The effects of PCMS in adolescence that resisted the effects of CUS in adulthood may be mediated by adaptive neurobiological changes, such as the modulation of mTOR signaling, activation of glutamatergic signaling (Adamec et al, 2012), modulation of the hypothalamic-pituitary-adrenal axis (Romeo et al, 2007), elevation of corticosterone levels at an optimal level (Feder et al, 2009), elevation of neuropeptide Y levels (Cohen et al, 2012), and enhancement of hippocampal neurogenesis (Joels, 2008; Toth et al, 2008), thus leading to adaptation and resistance and making the organism better able to cope with impending challenges (Parihar et al, 2011).

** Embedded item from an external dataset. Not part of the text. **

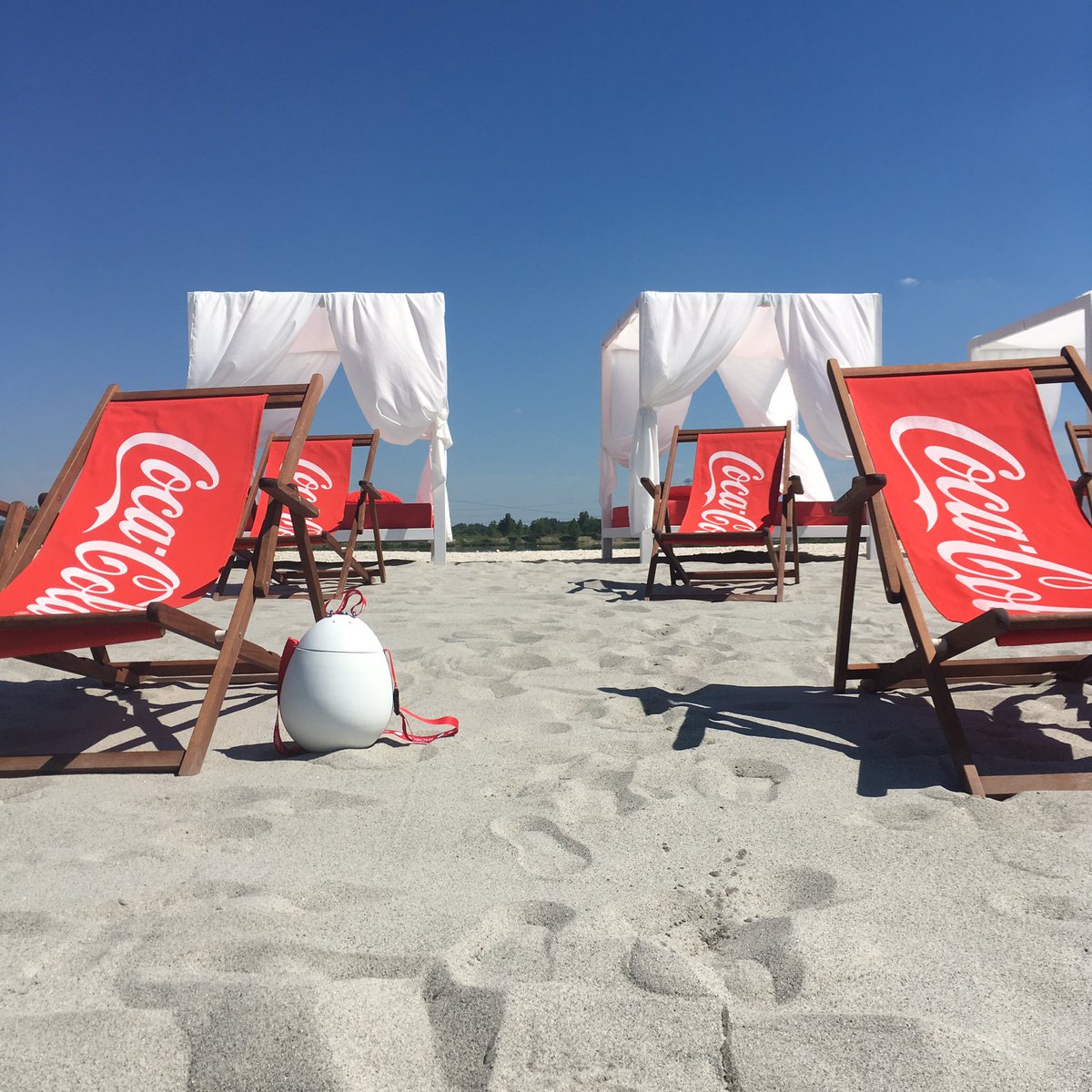 kittiborissza's tweet photo. Can't stop being happy about it's beauty. Live pilot sooon with @Beachegg_IoT My other workplace is a #beach! #beachgadget #mobilesafe #iot https://t.co/wnTQSJfgrg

The processes by which PCMS in adolescence increases resilience in adulthood may involve alterations in the neural encoding of action in limbic circuitry. A recent study provided circuit-level insights into the causal dynamics of depression-related behavior (Tye et al, 2013). Our future studies will target specific circuits and continue to advance our understanding of the biological bases of stress and resilience.

Our findings indicate that specific adolescent stress exposure may improve the ability to deal with stressful experiences in adulthood and not impair the ability to cope with stress. The findings also suggest that mTOR signaling may be a potential target for the development of new treatments for stress-associated mental disorders.